Exercise aim: Please copy the entries below word for word, leaving out any image.

(Short text fragments from websites)
• • • •

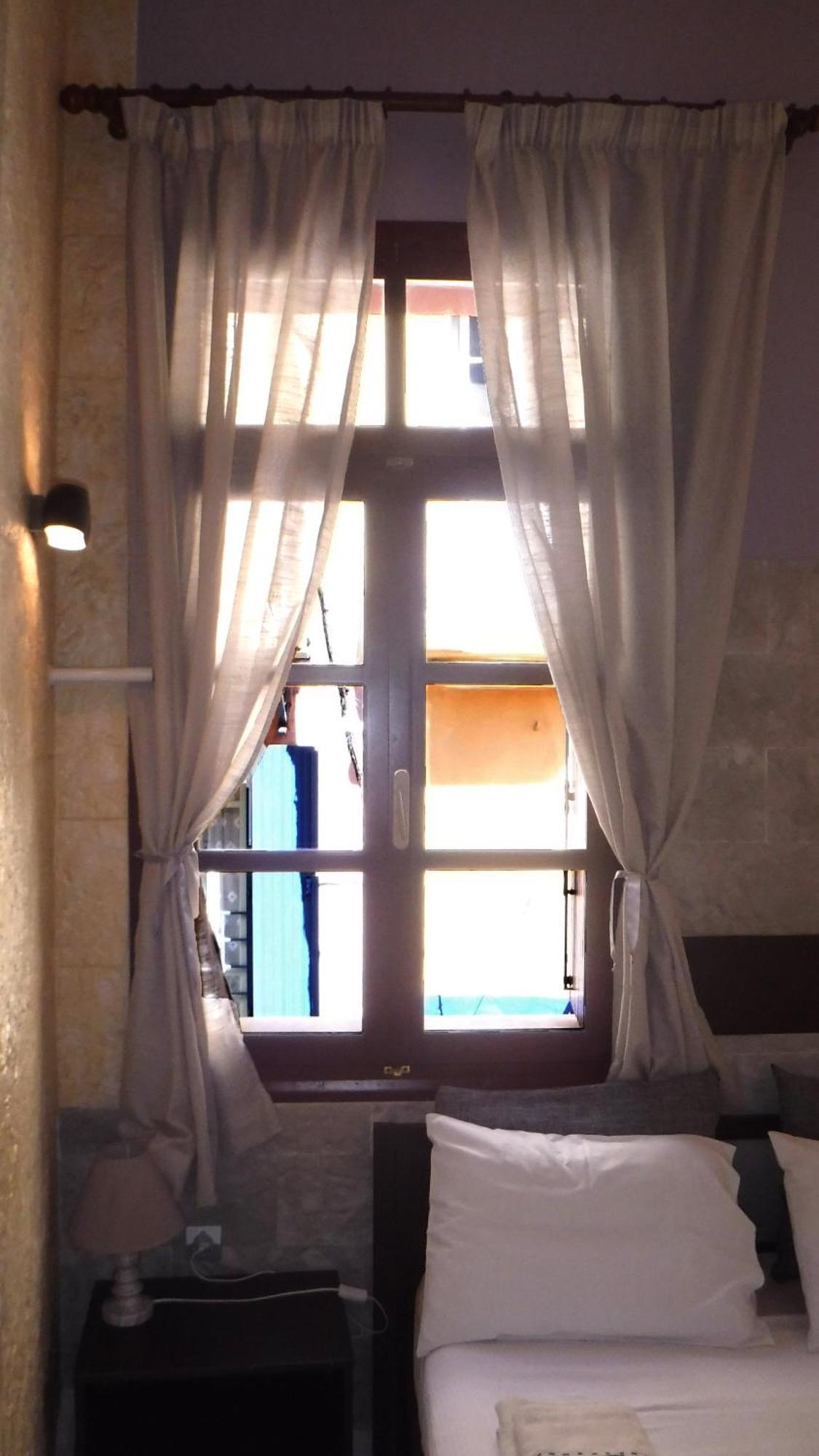 Enetiko Rooms Chania  Eksteriør billede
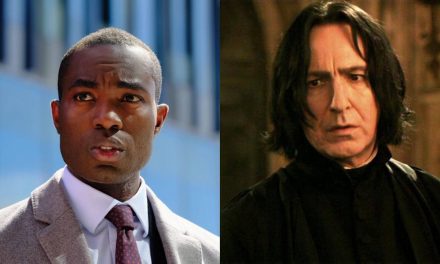 Paapa Essiedu als Severus Snape in neuer Harry Potter Serie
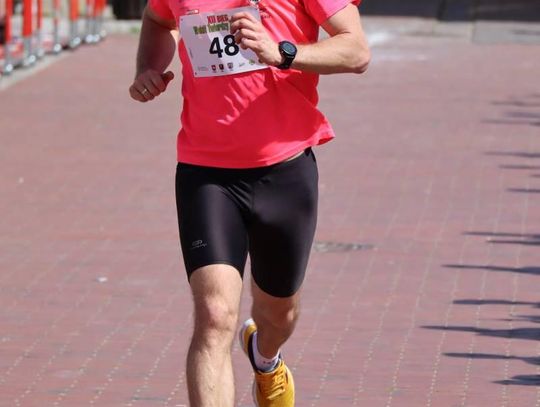 XII Bieg Wokół Twierdzy Zamość - galeria zdjęć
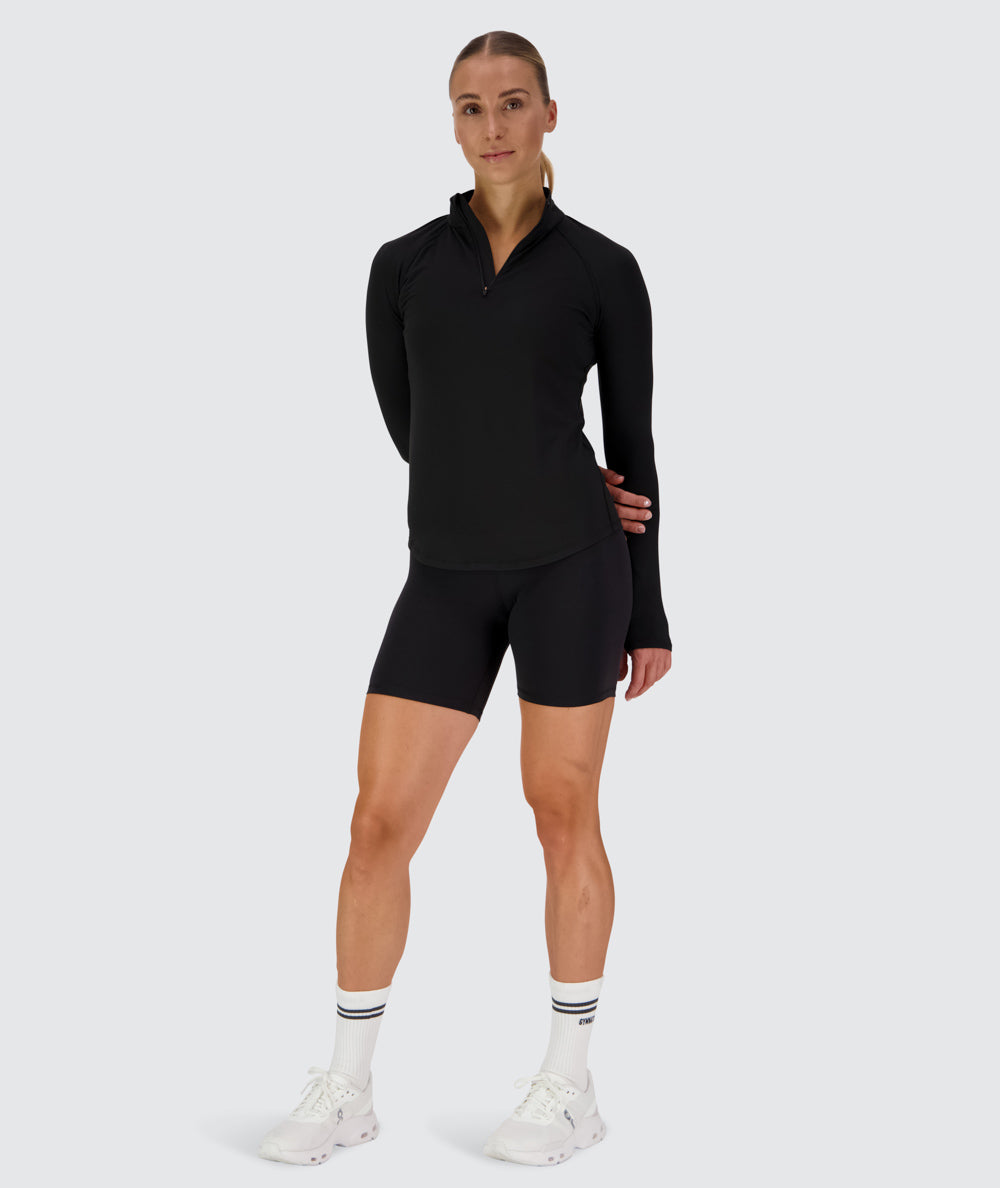 Women's ComfyKnit Half-Zip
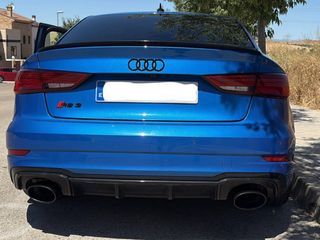 Audi RS3 sedan 2018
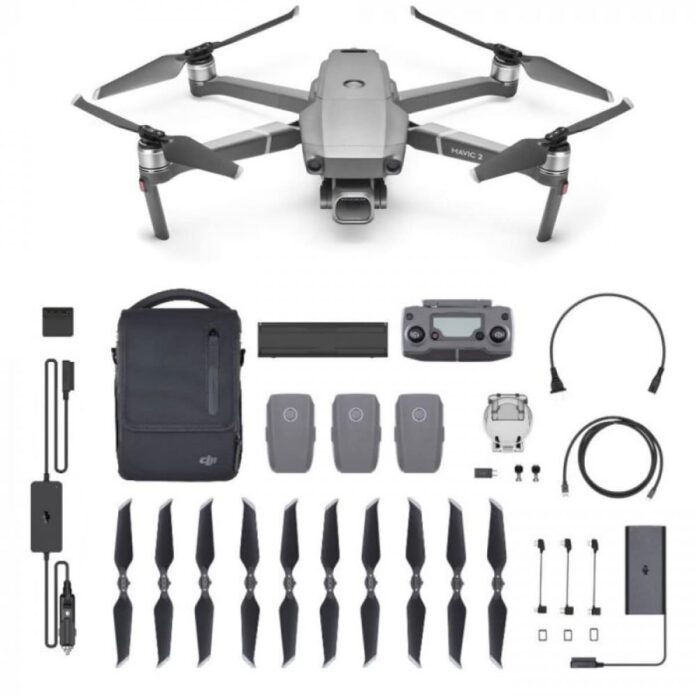 DJI Mavic 2 Pro Fly More Combo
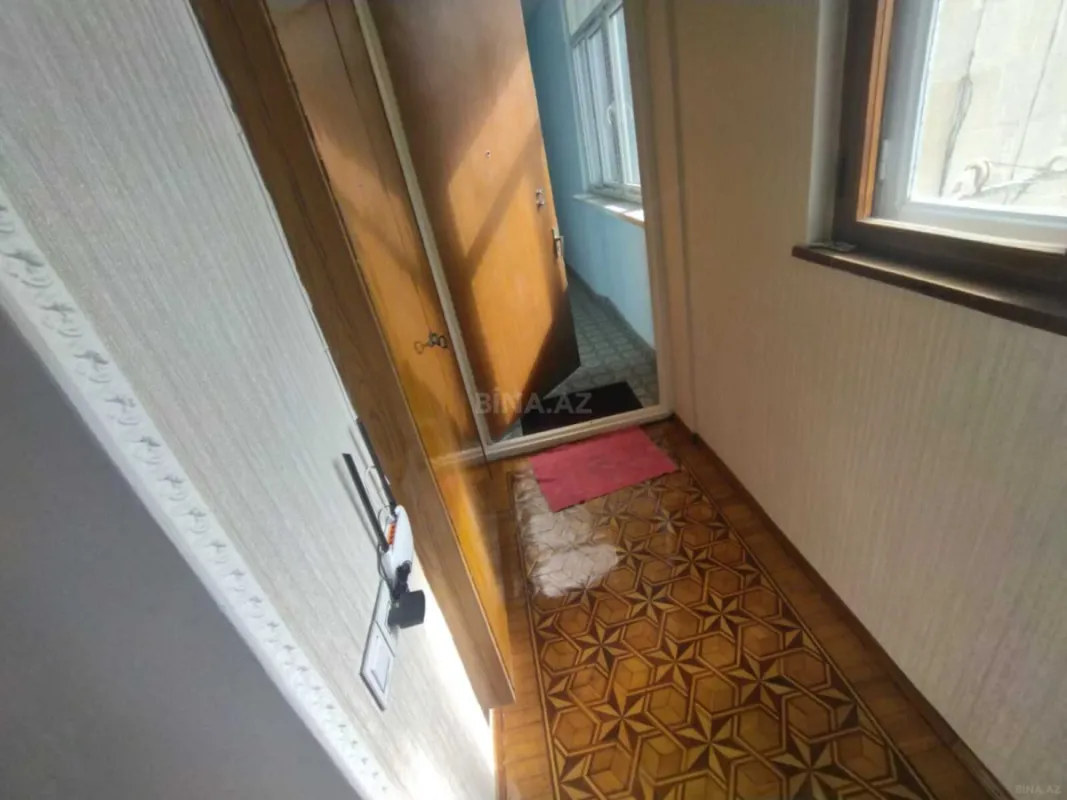 Kirayə verilir 3 otaqlı mənzil 65 m²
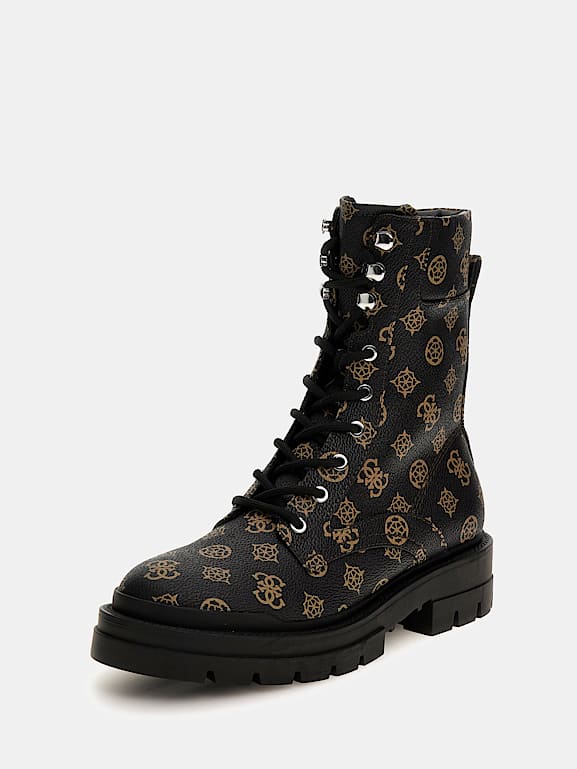 Bota militar guess shop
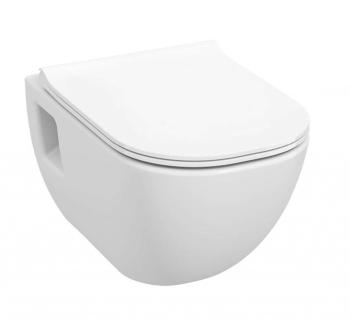Mio Závesné WC, Rimless, Jika Perla, biela H8207161000001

• • • •

Response area:
 Enetiko Rooms Chania  Eksteriør billede
 Paapa Essiedu als Severus Snape in neuer Harry Potter Serie
 XII Bieg Wokół Twierdzy Zamość - galeria zdjęć
 Women's ComfyKnit Half-Zip
 Audi RS3 sedan 2018
 DJI Mavic 2 Pro Fly More Combo
 Kirayə verilir 3 otaqlı mənzil 65 m²
 Bota militar guess shop
Mio Závesné WC, Rimless, Jika Perla, biela H8207161000001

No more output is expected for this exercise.